Try: Grilled, wholegrain bread and bruschetta
The best alternative to white bread is whole grain. Use rustic whole grain bread and place it under the broiler until it is golden brown and crusty. Drizzle with olive oil, which is an unsaturated fat, and top that with chopped tomatoes and basil. The fresh herbs and vegetables are a much better alternative to processed meats.
Instead of mashed potatoes
While you might not be able to imagine Thanksgiving dinner without mashed potatoes, they are probably not the healthiest choice throughout the remainder of the year. Starchy, carb filled potatoes aren’t that nutritious to begin with but when we mash them we usually do so with lots of butter, cream, cheese, bacon, or other fatty additions. If you still crave that white potato, there are alternatives.

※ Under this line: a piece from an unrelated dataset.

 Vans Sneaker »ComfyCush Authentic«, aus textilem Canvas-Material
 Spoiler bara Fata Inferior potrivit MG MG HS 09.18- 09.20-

Try: Baked potato with the skin on
A baked potato with the skin on is a great choice. The skin provides fiber, which adults in the United States simply aren’t getting enough. And if the thought of a plain baked potato doesn’t excite you, try adding healthful toppings such as salsa, roasted chicken with barbeque sauce, chili made with black beans instead of ground beef, broccoli and cheese, or caramelized onions and mushrooms.
What are some ways you can introduce more foods that reduce your risk of cancer into your diet?